Infrastructure at your Service

David Barbarin

SQL Server 2016 AlwaysOn: distributed availability groups

This time, I will talk about distributed availability groups. What’s that? In short, a group of availability groups. Sounds good right? But in which cases may we need such architecture? Firstly, let’s say that distributed availability groups will run on the top of two distinct availability groups meaning that they reside on two distinct WSFCs with their own quorum and voting management. Referring to the Microsoft documentation here, we may think that this new feature will be mainly used in DR scenario but I’m not sure to understand Microsoft about this sentence:

You want the data to continually replicate to the DR site, but you don’t want a potential network problem or issue at the DR site to bring down your primary site

Indeed, we don’t need this new feature to avoid a DR site or a network failure bringing down the primary site. We may simply exclude cluster nodes at the DR site for voting. Maybe I missed something here and I will probably go back when I will get more information.

Moreover, I may not image my customer using an additional cluster just only for DR purpose. Supposing that the DR site is costless from SQL Server license perspective, we need to maintain a “complex” architecture (WSFC) only for that.

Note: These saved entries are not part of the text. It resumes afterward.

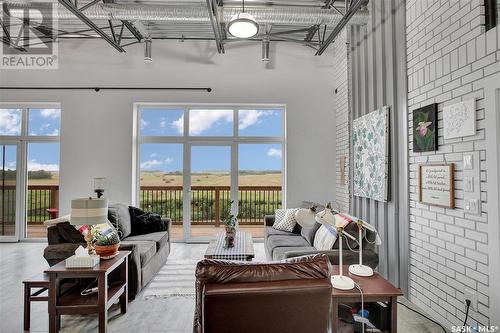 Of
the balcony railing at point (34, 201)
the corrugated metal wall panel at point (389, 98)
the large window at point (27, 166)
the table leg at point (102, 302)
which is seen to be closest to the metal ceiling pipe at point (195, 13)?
the corrugated metal wall panel at point (389, 98)

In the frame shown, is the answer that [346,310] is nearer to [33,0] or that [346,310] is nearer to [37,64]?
[33,0]

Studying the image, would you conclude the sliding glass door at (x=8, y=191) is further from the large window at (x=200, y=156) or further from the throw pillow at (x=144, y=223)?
the throw pillow at (x=144, y=223)

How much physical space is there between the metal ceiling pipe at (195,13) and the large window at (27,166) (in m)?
2.60

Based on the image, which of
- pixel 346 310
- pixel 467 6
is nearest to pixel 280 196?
pixel 346 310

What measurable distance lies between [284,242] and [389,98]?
225cm

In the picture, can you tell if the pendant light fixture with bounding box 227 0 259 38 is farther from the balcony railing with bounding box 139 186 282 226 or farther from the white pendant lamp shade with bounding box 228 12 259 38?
the balcony railing with bounding box 139 186 282 226

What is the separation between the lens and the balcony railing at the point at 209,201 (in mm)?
5547

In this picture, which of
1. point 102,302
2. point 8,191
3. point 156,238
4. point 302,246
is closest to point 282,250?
point 302,246

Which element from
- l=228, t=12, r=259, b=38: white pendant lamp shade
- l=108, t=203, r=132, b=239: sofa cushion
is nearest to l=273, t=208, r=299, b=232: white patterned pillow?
l=108, t=203, r=132, b=239: sofa cushion

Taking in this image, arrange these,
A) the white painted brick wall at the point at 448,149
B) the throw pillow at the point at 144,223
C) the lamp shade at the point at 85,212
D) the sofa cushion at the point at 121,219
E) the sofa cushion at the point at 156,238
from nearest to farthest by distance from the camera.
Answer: the white painted brick wall at the point at 448,149, the lamp shade at the point at 85,212, the sofa cushion at the point at 121,219, the sofa cushion at the point at 156,238, the throw pillow at the point at 144,223

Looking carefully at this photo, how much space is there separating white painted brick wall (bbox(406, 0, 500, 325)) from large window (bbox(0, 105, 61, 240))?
6.20m

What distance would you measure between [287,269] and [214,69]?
185 inches

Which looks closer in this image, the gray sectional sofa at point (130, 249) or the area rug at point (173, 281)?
the gray sectional sofa at point (130, 249)

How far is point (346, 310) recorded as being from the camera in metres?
2.14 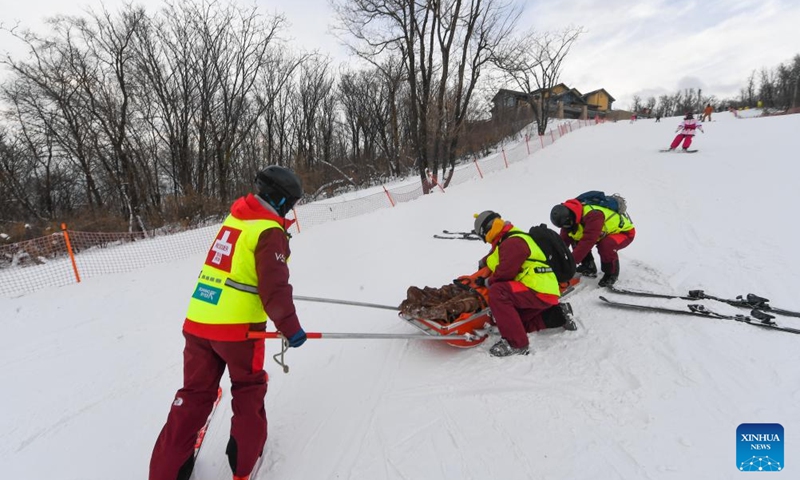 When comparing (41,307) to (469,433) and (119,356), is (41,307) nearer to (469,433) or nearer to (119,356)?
(119,356)

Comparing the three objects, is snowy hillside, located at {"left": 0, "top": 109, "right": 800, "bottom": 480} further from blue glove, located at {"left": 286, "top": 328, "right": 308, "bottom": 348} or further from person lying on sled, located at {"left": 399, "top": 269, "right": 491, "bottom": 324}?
blue glove, located at {"left": 286, "top": 328, "right": 308, "bottom": 348}

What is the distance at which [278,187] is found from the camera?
2.21 metres

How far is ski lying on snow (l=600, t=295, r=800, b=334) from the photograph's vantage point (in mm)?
3312

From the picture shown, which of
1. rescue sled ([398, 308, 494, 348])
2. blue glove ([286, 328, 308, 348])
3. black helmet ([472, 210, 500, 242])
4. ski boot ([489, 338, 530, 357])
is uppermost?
black helmet ([472, 210, 500, 242])

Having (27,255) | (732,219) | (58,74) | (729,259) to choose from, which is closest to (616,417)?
(729,259)

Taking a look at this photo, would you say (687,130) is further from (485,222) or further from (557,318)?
(485,222)

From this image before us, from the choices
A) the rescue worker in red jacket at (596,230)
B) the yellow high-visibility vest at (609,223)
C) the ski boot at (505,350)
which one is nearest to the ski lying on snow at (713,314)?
the rescue worker in red jacket at (596,230)

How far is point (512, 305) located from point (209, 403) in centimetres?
254

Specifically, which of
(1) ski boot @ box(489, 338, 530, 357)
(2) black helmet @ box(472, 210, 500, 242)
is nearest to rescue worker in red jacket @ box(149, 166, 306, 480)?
(1) ski boot @ box(489, 338, 530, 357)

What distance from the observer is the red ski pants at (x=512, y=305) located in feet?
10.8

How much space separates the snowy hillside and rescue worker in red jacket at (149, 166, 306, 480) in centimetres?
45

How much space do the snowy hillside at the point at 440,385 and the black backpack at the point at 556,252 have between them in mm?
510

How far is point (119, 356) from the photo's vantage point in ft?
12.9

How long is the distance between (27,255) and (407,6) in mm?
14657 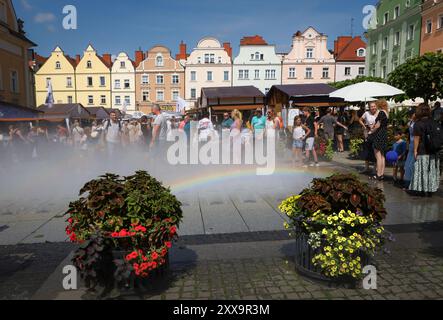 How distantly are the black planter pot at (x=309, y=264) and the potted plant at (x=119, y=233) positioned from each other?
4.38 ft

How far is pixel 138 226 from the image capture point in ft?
11.0

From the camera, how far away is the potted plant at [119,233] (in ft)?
10.7

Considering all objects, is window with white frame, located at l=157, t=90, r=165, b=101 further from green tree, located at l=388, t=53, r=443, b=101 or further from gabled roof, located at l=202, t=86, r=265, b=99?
green tree, located at l=388, t=53, r=443, b=101

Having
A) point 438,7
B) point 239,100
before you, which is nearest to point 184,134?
point 239,100

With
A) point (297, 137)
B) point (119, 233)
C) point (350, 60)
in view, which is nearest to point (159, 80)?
point (350, 60)

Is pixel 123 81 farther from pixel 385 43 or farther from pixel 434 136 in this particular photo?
pixel 434 136

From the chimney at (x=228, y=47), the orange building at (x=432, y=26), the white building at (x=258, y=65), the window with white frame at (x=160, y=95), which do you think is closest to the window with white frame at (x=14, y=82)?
the window with white frame at (x=160, y=95)

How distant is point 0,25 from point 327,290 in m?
35.2

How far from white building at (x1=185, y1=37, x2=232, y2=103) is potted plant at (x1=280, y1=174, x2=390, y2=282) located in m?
56.7

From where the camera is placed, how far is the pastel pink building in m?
58.6

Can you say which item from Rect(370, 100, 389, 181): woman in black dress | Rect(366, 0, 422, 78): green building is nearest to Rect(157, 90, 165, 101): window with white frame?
Rect(366, 0, 422, 78): green building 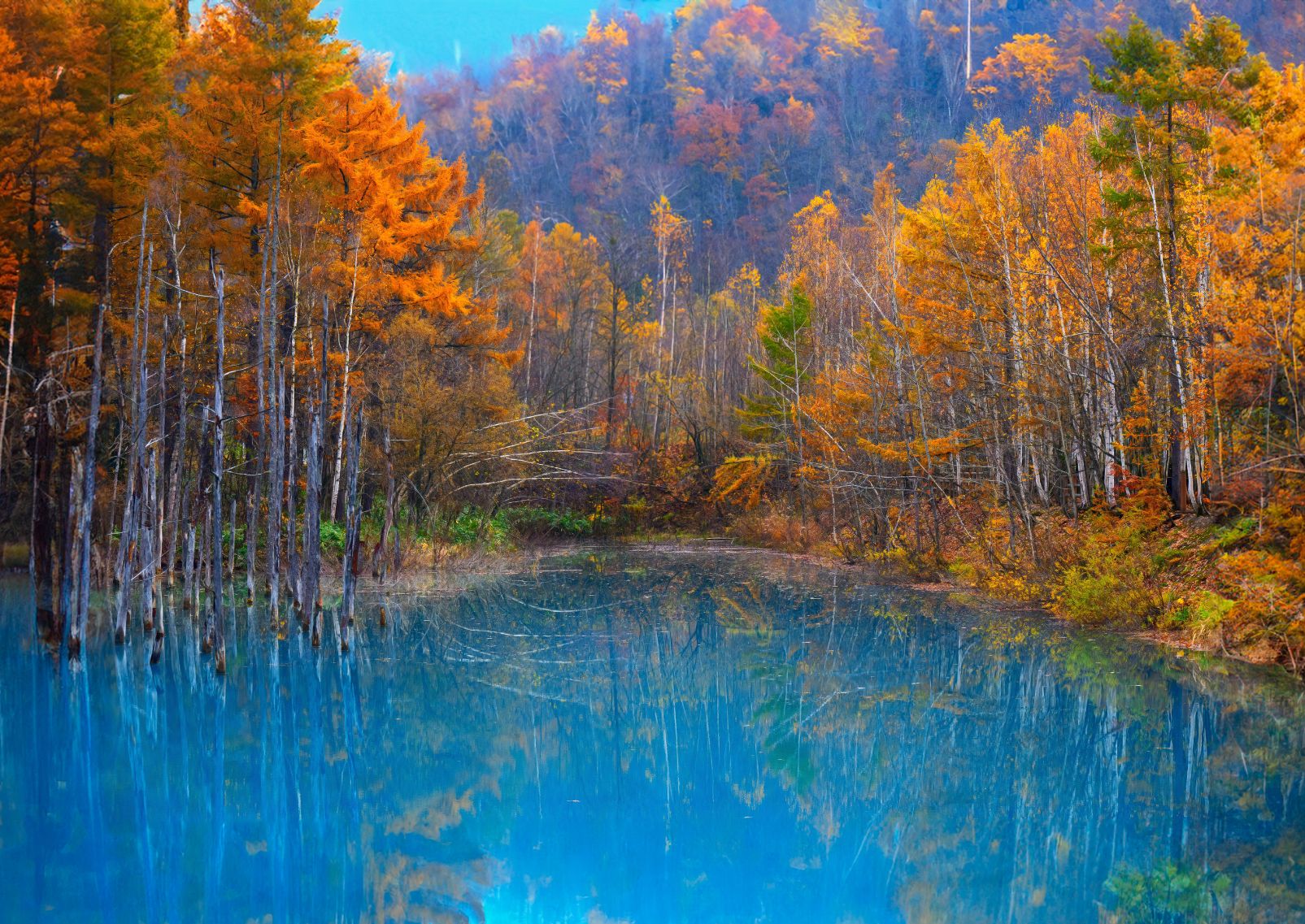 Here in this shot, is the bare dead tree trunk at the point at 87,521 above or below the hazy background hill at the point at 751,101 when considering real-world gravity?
below

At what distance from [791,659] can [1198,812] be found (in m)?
6.47

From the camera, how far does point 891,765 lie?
8.73 meters

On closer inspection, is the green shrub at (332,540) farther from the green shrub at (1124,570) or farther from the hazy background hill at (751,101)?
the hazy background hill at (751,101)

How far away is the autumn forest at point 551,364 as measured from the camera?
12.9 metres

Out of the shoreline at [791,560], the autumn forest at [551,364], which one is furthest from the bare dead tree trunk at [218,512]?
the shoreline at [791,560]

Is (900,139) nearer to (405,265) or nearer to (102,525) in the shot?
(405,265)

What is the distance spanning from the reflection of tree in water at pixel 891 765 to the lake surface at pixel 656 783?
0.11 ft

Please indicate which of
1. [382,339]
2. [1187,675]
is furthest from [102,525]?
[1187,675]

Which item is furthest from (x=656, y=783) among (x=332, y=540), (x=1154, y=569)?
(x=332, y=540)

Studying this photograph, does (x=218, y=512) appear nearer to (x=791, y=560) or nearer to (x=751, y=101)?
(x=791, y=560)

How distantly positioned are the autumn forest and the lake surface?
1.38 m

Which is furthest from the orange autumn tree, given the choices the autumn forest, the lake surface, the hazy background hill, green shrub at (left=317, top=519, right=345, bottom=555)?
the hazy background hill

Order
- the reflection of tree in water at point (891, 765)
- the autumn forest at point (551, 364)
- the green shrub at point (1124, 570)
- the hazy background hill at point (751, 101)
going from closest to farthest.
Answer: the reflection of tree in water at point (891, 765)
the autumn forest at point (551, 364)
the green shrub at point (1124, 570)
the hazy background hill at point (751, 101)

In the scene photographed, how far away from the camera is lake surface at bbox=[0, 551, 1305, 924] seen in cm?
628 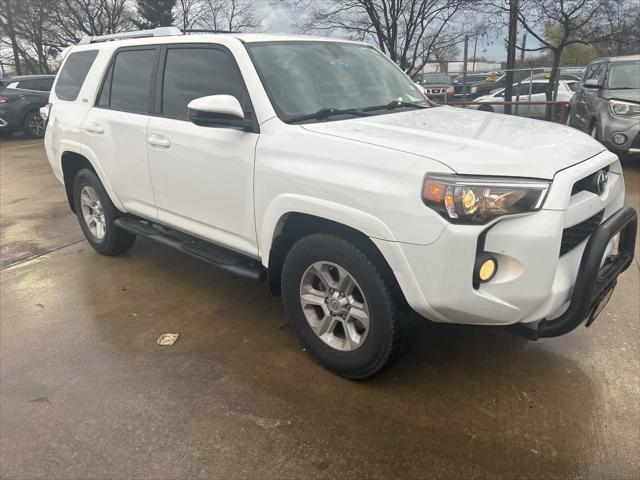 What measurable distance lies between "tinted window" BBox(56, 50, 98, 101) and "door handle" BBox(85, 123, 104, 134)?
0.49 meters

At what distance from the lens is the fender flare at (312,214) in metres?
2.54

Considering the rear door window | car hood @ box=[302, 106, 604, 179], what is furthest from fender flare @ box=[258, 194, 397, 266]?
the rear door window

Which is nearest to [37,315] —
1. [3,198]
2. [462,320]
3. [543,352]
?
[462,320]

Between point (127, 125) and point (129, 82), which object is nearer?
point (127, 125)

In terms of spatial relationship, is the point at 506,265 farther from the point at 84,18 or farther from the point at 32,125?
the point at 84,18

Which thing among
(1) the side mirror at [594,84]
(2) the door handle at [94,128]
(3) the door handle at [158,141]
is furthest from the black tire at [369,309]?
(1) the side mirror at [594,84]

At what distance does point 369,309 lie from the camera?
2748mm

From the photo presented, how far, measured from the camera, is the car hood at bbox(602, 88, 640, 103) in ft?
26.9

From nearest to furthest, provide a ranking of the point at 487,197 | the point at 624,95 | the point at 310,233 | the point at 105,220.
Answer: the point at 487,197 → the point at 310,233 → the point at 105,220 → the point at 624,95

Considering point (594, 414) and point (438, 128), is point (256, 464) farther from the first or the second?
point (438, 128)

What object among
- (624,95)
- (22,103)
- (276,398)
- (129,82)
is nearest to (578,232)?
(276,398)

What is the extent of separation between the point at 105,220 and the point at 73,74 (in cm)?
140

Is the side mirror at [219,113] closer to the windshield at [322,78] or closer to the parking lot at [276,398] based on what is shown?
the windshield at [322,78]

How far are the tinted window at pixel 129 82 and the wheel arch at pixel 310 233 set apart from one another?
67.3 inches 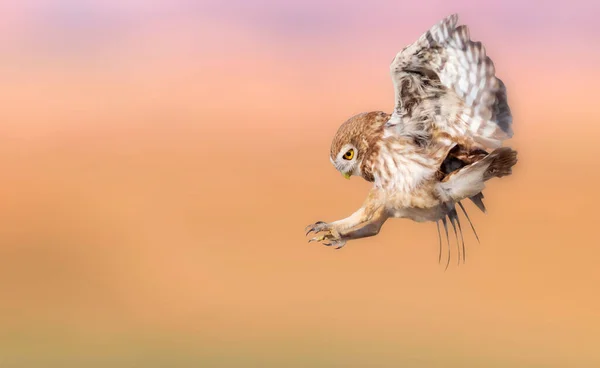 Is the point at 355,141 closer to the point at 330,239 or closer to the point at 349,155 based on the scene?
the point at 349,155

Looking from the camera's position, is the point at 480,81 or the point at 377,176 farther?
the point at 377,176

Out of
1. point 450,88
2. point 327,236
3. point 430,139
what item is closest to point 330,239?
point 327,236

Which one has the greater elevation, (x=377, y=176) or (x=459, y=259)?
(x=377, y=176)

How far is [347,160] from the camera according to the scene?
17.4 ft

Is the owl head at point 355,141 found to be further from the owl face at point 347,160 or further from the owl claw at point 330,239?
the owl claw at point 330,239

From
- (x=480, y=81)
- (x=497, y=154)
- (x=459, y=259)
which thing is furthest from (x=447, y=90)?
(x=459, y=259)

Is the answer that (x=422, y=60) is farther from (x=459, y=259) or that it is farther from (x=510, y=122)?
(x=459, y=259)

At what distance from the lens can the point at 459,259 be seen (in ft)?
17.8

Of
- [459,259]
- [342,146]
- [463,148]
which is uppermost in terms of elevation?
[342,146]

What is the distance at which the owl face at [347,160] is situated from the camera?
527 cm

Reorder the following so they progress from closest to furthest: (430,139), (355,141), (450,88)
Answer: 1. (450,88)
2. (430,139)
3. (355,141)

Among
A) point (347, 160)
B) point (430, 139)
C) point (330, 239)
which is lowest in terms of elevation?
point (330, 239)

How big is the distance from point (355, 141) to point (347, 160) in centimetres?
13

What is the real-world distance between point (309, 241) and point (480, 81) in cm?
140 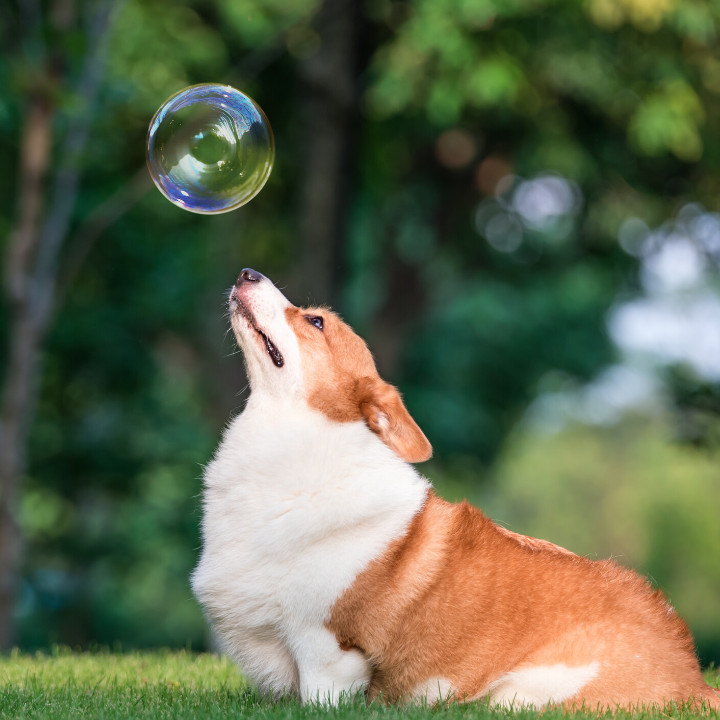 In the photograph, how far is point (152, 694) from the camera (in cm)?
538

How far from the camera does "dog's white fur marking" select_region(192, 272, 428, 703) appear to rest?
4812mm

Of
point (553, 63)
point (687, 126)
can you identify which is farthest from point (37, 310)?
point (687, 126)

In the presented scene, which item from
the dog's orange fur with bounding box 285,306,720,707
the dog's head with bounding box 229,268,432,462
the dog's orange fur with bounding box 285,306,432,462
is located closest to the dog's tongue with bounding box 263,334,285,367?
the dog's head with bounding box 229,268,432,462

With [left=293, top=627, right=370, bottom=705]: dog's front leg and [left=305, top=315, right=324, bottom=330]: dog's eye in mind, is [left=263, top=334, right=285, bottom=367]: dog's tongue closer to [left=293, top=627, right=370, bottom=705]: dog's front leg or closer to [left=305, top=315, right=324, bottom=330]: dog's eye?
[left=305, top=315, right=324, bottom=330]: dog's eye

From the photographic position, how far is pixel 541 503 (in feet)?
183

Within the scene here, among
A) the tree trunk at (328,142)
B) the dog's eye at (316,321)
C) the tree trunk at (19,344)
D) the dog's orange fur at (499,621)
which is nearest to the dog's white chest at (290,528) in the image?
the dog's orange fur at (499,621)

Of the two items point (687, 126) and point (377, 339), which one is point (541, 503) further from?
point (687, 126)

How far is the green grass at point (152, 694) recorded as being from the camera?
4562 millimetres

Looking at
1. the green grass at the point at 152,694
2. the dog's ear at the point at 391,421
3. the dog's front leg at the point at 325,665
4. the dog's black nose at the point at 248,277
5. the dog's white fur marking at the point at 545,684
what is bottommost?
the green grass at the point at 152,694

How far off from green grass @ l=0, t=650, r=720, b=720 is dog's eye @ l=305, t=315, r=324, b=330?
1752mm

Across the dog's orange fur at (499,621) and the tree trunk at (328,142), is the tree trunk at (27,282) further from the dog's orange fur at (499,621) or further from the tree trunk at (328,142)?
the dog's orange fur at (499,621)

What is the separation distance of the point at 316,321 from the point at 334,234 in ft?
22.1

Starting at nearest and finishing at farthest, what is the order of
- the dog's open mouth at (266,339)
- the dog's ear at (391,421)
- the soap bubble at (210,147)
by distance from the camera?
1. the dog's ear at (391,421)
2. the dog's open mouth at (266,339)
3. the soap bubble at (210,147)

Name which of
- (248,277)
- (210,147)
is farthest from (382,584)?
(210,147) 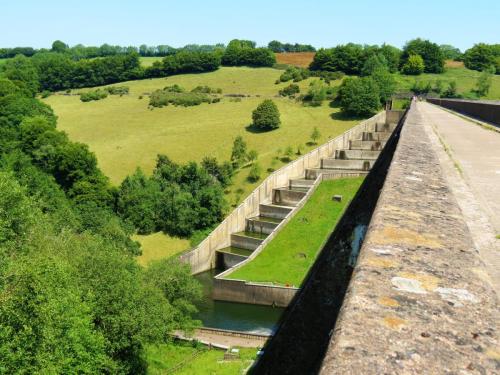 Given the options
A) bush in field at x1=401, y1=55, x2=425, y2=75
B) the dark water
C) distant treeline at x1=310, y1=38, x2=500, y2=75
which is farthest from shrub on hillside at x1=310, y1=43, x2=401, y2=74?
the dark water

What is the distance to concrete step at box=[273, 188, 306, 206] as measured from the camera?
165 ft

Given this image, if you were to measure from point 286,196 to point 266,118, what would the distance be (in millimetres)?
21684

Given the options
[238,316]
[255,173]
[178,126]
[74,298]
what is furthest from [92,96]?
[74,298]

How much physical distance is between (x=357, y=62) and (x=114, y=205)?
6938cm

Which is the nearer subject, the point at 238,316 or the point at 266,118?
the point at 238,316

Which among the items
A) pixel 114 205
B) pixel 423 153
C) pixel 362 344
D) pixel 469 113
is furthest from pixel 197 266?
pixel 362 344

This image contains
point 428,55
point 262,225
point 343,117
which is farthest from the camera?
point 428,55

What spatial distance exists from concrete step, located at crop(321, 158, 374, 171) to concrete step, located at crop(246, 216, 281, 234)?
1182 cm

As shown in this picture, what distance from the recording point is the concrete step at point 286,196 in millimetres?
50375

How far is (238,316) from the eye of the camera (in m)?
33.7

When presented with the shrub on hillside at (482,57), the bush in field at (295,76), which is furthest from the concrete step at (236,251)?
the shrub on hillside at (482,57)

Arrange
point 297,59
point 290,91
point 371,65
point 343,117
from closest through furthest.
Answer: point 343,117
point 290,91
point 371,65
point 297,59

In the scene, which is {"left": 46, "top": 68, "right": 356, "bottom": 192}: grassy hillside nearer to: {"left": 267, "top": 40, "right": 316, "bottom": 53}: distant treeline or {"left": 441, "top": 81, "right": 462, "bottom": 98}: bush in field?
{"left": 441, "top": 81, "right": 462, "bottom": 98}: bush in field

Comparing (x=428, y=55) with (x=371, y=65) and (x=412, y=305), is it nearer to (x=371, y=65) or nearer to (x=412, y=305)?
(x=371, y=65) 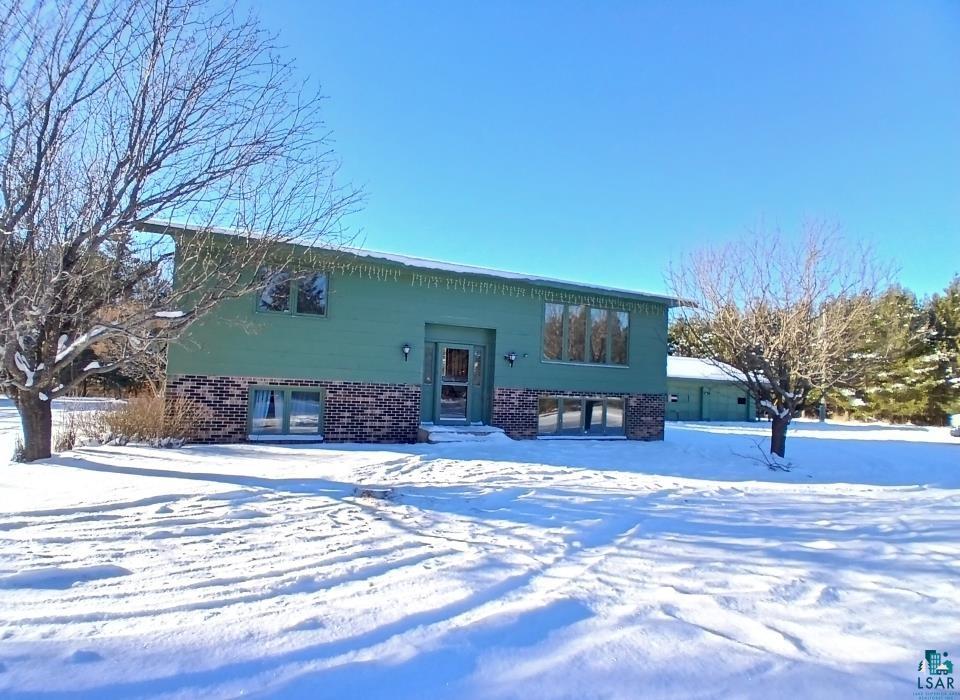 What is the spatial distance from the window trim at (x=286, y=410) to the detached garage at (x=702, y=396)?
1858cm

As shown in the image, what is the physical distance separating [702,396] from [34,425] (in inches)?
1013

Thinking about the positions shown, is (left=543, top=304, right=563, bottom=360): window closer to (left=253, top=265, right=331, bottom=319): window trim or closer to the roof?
the roof

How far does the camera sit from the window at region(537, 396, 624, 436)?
1409 centimetres

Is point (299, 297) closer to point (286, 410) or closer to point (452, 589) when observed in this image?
point (286, 410)

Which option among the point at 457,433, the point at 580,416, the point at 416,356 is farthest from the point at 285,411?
the point at 580,416

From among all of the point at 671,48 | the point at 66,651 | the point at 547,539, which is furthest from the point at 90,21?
the point at 671,48

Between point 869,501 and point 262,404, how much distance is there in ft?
33.3

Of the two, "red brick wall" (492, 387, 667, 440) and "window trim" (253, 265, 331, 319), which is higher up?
"window trim" (253, 265, 331, 319)

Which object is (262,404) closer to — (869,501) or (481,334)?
(481,334)

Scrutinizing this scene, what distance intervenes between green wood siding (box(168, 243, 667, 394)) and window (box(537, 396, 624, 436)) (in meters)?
0.34

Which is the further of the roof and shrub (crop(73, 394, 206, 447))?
the roof

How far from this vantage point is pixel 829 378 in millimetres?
11102

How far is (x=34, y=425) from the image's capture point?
821 cm

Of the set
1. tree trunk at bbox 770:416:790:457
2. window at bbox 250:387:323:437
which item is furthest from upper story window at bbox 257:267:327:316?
tree trunk at bbox 770:416:790:457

After discussing with one another French MVP Christophe Laporte (@Conseilit), we began to draw some pictures of potential scenarios where using DAG may be a good solution. Firstly, let’s say a customer that have many applications. Some of them may run on the primary site and other ones on the DR site because there is a high latency between the two datacenters. In this specific context, you may implement one availability group on each datacenter for HA purpose and add a distributed availability group for DR recovery.

blog 96 - 7 - DAG scenario

Let’s say now a big company that bought another business that includes an existing datacenter infrastructure with availability groups used by the old company. They may want to introduce HA + DR by using a distributed availability group at the both sides without performing any big changes. Of course, we have to keep in mind the cost of such architecture …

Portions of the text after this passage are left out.